- - Thursday, November 20, 2014

ANALYSIS/OPINION:

Democratic politicians and the liberal media are scrambling to curtail the damage from Obamacare architect Jonathan Gruber’s proclamations on stupid voters and deceitful legislative tactics. A New York Times editorial dismissed Mr. Gruber’s comments as “impolitic” while the New Republic largely exonerated him as an “independent-minded professor” devoted to the public good. However, the “nothing to see here, move along” defense is doomed to fail.

Mr. Gruber’s comment that “lack of transparency is a huge political advantage” could do permanent damage to the administration’s credibility. White House spokeswoman Jessica Santillo retorted, “The Affordable Care Act was publicly debated over the course of 14 months, with dozens of congressional hearings, and countless town halls, speeches and debates.” President Obama exonerated the process by declaring on Sunday that “we had a yearlong debate” over the proposed law.

But to assume that the process was transparent because “hearings were held” is like claiming that political campaigns are honest because “speeches were made.” It doesn’t matter how many hearings occurred if the administration conned Congress and the American people on the key assumptions underlying the law. This is akin to prosecutors who withhold exculpatory evidence from a defendant and then insist that a wrongful conviction must not be overturned because “a trial was held.”

Mr. Gruber has been christened “the Oracle of Obamacare,” and he boasted in 2009 of his “black box” computer program he used to gin up the numbers to support the Obama legislative agenda. The Washington Post reported that one official involved in crafting the Obamacare legislative package “said Gruber and his staff of three could provide answers overnight, when it often took weeks to run the same questions through the Office of Management and Budget or the Congressional Budget Office.”

Mr. Gruber was hired to provide intellectual cover for one of the greatest power seizures of modern times. He was endlessly touted as a genius from the Massachusetts Institute of Technology — Senate Majority Leader Harry Reid labeled Mr. Gruber “one of the most respected economists in the world.” If he had hailed instead from Appalachian State University, politicians and pundits would have asked far more questions about the “black box” that spun out the numbers to make the Obamacare legislative proposal seem nondisastrous.
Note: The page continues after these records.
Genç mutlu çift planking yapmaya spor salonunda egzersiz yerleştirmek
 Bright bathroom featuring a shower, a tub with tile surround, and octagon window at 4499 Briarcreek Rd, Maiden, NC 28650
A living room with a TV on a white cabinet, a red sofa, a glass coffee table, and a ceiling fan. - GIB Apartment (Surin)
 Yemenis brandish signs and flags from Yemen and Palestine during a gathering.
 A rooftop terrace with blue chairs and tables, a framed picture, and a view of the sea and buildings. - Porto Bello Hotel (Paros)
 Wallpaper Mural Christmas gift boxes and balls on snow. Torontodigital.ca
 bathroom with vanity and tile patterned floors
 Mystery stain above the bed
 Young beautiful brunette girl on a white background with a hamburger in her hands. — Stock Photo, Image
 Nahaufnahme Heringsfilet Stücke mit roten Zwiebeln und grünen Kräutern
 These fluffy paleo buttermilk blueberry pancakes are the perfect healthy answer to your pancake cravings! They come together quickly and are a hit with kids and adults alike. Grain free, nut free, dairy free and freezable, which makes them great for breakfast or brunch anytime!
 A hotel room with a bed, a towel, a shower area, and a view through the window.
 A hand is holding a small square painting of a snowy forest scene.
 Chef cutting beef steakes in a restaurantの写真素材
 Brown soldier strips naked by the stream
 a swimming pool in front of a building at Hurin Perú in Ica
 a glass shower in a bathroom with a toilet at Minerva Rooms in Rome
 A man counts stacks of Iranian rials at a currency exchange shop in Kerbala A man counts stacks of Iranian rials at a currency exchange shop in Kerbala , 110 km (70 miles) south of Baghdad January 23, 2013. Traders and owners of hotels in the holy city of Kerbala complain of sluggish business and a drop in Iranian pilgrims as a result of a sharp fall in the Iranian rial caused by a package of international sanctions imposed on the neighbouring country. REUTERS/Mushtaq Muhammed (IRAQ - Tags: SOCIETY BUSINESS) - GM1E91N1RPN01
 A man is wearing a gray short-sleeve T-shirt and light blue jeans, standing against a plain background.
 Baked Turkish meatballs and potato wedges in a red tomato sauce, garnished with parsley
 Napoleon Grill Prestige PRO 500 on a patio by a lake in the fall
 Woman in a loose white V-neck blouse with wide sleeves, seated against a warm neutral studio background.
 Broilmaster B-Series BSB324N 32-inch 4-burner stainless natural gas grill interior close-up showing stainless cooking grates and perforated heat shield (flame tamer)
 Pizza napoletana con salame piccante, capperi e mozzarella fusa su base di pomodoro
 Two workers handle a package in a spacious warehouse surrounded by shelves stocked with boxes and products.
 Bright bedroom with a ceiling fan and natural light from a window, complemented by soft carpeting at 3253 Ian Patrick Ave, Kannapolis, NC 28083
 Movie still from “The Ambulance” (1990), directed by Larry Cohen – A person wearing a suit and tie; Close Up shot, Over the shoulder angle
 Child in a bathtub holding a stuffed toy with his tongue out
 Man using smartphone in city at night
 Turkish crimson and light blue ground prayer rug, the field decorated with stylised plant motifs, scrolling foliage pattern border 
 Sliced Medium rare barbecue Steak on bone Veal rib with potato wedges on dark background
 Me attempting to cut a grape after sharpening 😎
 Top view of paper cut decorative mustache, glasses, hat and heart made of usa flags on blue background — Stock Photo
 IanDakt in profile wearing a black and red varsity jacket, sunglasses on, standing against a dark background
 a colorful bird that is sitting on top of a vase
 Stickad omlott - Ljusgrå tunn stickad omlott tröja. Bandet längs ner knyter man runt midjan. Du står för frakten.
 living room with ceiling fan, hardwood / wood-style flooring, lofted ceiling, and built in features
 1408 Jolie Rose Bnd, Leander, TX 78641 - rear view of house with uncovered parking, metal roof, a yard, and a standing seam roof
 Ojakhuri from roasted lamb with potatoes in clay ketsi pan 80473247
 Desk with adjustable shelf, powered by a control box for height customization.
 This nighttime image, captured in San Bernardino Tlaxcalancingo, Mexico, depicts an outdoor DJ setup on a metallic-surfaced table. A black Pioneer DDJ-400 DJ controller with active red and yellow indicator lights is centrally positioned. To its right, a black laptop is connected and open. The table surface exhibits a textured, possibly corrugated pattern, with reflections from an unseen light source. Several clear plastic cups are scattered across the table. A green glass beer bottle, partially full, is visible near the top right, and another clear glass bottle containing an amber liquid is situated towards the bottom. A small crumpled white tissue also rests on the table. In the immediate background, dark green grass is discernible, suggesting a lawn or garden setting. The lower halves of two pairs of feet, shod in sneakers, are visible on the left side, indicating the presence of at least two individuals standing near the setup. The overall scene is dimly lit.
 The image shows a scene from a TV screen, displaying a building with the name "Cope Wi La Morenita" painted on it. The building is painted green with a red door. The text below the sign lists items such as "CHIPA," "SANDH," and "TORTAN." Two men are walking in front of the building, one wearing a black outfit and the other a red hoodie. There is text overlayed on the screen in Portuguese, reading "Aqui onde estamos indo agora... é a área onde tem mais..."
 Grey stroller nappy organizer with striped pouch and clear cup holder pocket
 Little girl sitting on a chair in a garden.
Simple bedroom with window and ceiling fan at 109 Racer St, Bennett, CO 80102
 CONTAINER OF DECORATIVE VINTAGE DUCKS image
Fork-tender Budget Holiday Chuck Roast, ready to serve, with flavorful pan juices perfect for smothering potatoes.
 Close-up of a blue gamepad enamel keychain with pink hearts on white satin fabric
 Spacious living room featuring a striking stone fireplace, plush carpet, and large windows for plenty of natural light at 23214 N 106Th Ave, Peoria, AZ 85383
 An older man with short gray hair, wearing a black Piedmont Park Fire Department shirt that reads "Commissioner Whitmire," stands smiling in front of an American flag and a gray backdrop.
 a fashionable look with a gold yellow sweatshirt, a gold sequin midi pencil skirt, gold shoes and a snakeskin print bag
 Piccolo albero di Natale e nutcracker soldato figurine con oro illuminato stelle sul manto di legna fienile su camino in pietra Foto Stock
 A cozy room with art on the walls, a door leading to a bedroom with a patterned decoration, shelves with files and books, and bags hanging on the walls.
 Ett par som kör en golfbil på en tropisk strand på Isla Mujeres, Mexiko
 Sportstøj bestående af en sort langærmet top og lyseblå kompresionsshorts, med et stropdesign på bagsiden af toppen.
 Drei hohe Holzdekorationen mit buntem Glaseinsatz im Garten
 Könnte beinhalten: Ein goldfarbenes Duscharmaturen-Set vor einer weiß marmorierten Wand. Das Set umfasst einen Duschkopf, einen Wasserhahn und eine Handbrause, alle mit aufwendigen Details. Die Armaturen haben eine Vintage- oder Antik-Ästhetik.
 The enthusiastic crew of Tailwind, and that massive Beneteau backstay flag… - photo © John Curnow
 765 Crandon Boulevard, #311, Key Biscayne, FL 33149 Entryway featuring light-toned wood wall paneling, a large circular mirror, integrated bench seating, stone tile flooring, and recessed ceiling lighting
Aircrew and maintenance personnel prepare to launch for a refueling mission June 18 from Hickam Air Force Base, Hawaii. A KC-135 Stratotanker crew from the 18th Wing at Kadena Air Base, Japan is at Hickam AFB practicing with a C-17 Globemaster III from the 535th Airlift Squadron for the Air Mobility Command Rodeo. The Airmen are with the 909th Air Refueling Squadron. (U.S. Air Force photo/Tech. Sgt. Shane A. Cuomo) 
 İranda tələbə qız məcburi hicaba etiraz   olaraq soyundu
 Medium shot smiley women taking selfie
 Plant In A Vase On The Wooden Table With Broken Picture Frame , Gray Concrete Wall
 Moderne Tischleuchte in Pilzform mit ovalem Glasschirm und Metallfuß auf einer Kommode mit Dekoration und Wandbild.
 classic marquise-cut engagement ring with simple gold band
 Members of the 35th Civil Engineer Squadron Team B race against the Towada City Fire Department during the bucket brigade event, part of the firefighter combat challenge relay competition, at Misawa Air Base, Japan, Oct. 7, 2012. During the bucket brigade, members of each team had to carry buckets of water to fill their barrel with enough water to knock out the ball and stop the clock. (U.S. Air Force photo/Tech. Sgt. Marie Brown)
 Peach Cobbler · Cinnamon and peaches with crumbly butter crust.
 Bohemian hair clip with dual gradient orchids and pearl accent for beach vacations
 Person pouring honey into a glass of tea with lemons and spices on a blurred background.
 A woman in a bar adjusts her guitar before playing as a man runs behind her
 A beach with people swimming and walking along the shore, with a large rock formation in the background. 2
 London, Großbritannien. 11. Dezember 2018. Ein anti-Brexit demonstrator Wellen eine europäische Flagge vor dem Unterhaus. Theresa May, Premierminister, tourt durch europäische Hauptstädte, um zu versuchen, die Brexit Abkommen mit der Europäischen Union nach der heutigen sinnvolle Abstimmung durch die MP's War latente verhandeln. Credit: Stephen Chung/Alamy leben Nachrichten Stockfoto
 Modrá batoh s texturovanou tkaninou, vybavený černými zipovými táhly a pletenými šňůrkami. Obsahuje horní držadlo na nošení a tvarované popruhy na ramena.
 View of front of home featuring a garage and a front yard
Invoking a secret computer model is more suasive in today’s Washington than the tricks Merlin the magician practiced in King Arthur’s court. Econometrics has long been a tool to sanctify almost any half-witted intervention politicians favored. For instance, the farm lobby has never lacked arcane models crafted by government agricultural economists proving that America benefits from paying farmers more than their crops are worth.

Mr. Gruber had a record as an intellectual grifter long before the latest controversy. The Washington Post complained in 2009 that Mr. Gruber lied to its staff about not being a paid government consultant when he wrote an op-ed on Mr. Obama’s health care proposal. The New York Times also groused that Mr. Gruber dissembled by withholding that information when he did an opinion piece for the newspaper. Liberal icon Glenn Greenwald and the FireDogLake website detailed the controversy over Mr. Gruber’s hidden government payoffs in early 2010.

Still, that taint did nothing to prevent Mr. Gruber from subsequently pocketing millions of dollars in consulting fees from state governments anxious to exploit his cachet to jam new health care regimes down taxpayers’ throats.

Mr. Gruber described one key Obamacare provision as a “very clever basic exploitation of the lack of economic understanding of the American voter.” Mr. Obama promised that his health care program could expand coverage and curtail spending. There was no way, though, to simultaneously increase demand and slash costs — except by destroying freedom. But freedom is irrelevant to the iron-fisted paternalists. Millions of canceled insurance policies do not even rate an asterisk in the whiz kid models.

Unfortunately, contemporary Washington is calibrated to defer to experts who defer to politicians, providing an intellectual Praetorian Guard for the constant growth of a leviathan. As Denver University professor David Ciepley noted, “Starting in the First World War, and much more so during the New Deal and World War II, American social scientists became part of the autonomous state themselves, helping staff the mushrooming government agencies.” The closer that intellectuals get to politicians, the more weaselly they usually become.

Playing off Mr. Gruber’s derision of average Americans, one wag suggested a new acronym — L.I.E. — for Low Information Experts. Mr. Gruber and many other professors have gotten rich by pretending that government is far more competent than it actually is. Economist Robert Skidelsky, writing about the history of modern socialism, observed that “the collectivist belief system existed independently of the facts of modern life.” The same is true of the academic cadre who profit by vindicating endless government interventions that breed chaos and dependency.

The shenanigans by which Obamacare was enacted vivify how far this nation has fallen from the Founding Fathers’ ideals. We increasingly have a caretaker democracy in which rulers dupe and punish citizens for their own good. Supposedly, voters still enjoy self-government because they are permitted a token choice in who will deceive and shackle them.

James Bovard is the author of “Attention Deficit Democracy” (Palgrave, 2006) and “Lost Rights” (St. Martin’s, 1994).